Saturday, June 20, 2015

Mega-Fines and Consumers

  I'm back!

  I know, I've been away for a bit.  Long story.  Ain't over yet.  Doesn't improve with retelling.  But, I've been up to my fat arse in alligators, and every damned one of them has wanted a bite.  Ugh.  Ain't much of my sit-upon left...

  Anyhow.  On to why I'm here...

  Howcumzit that, whenever some company does something wrong, the government fines the company for the wrongdoing?  The problem with those fines (case in point - the recent FCC fine of $100M against AT&T over their "unlimited" data plan and low data speeds) is that:
  1) The people who made the decisions aren't personally hit with anything
  2) The fines are "passed through" to the consumers, in the form of rate or price increases.

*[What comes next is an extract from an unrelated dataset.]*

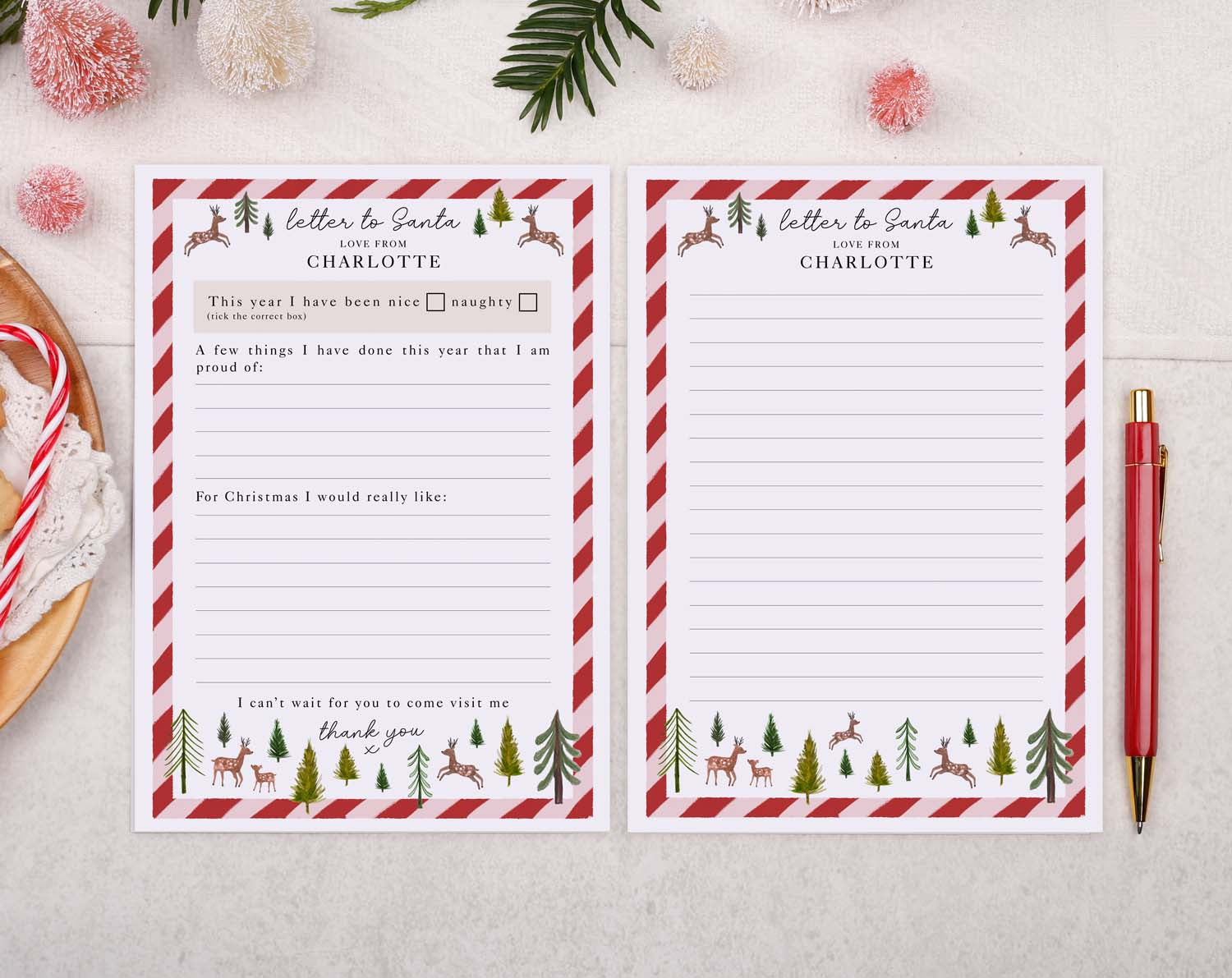 Reindeer Personalised Letter To Santa With Prompts designed by Making Meadows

  Every time I hear about some mega-fine against some company, I groan inside.  Every time I hear someone cheering about it, I don't keep it in.  Then, I end up having to explain why I'm groaning about it.  The usual answer I get?  "Damn.  I never thought of it that way..."

  (No shit.  Most people wouldn't.  Gotta step back and look at a bigger picture...)

  Same with class-action suits.  Except we can add to the list:
  3) The only people who really "win" anything are the attorneys.  Big payday for them!  Niggardly payout for the members of the class.

  Pfizer has to pay out $150M for some pharma class action judgement?  1/3 of that is raw attorneys' fees ($50M,) a good chunk of that gets eaten up in administration ($20M or so,) and the rest filters down to the class (2-5M members,) postage out, and it's probably not a cash payout to the class anyhow.  Lawyers make bank, people get boned.

  I propose something different...

  FINES: If a "company" is to be fined due to executive decisions, then the company itself is not to be fined.  Rather, the executives responsible for the decision(s) are to be fined personally.  This means the B-, C-, E-, V-, and D- level execs are the ones on the hook for fines, they've got to cough up, and cough up HARD.  Company's consumer prices are to be fixed at present level by law, and allowed nominal increases for the following five years or so, with any increase above the amount allowed by the judgement requiring detailed technological justification (id est, a major technical upgrade became necessary, or a natural disaster made replacing a data centre necessary, or something like that.  Such justification to be filed with the governing body and posted in detail to be available for the consumers [and sent out in summary with the last bill prior to the increase.]

  To be honest, I'd rather see the Execs and/or the Board held personally liable to the tune of $100M than the company held liable for $100M - the company doesn't "make decisions," that's why it has Directors and various executives.  So, hold them up!